The sting in the tail of the story: it seems that the regular price for a slave in this period was thirty shekels of silver. Joseph was probably sold below market value. But our question is: where did this silver come from? Who mined it? At which costs? Who owned the mines? It is important to note that these shekels were not coins. At this time the ‘shekel’ still was an official weight which related to a fixed amount of barley (i.e. a ‘grain standard’ of the unit of account, see p. 10 of this study by Jon Bosak, accessed 20 December 2015) and ‘a shekel of silver’ was not a coin but an amount of silver (look here, p. 770, for all biblical examples of this). It would take another 1,000 years before a king in this area started to mint coins, which bore his sign. But: where did the silver come from?
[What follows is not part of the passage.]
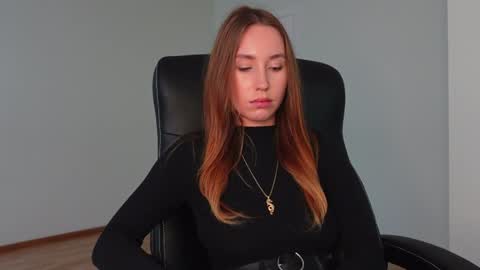 Snapshot of agelina_summer chatting on October 2025 02:07:01 PM Agelina Lilly Laura online show from October 2025 02:07:01 PM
According to this site, it came from, among other regions, the Sinai and the deserts of Egypt, it was mined by convicted criminals and prisoners of war as well as (mines where often cramped) pretty young children, mining happened at appalling human cost and was organized by the Egyptian state. According to Diodorus Siculus (Library of History Vol 1, Chap. 3.12): “The Egyptian kings send those condemned for a crime and the prisoners of war, among them many who succumbed to a false accusation, and not only these themselves but sometimes all their relatives as well, to labour in the gold mines; and by punishing the condemned in this way they have great income from their labour. The number of those condemned to this work is very great; and their feet are all fettered and they all have to work incessantly, not only by day but also through the night, for no rest is permitted them and they are deprived of all possibility of escape, as guards soldiers of a barbaric tribe are stationed there who speak a completely different language, and nobody can bribe a guard by heart-rending supplication or persuasion”.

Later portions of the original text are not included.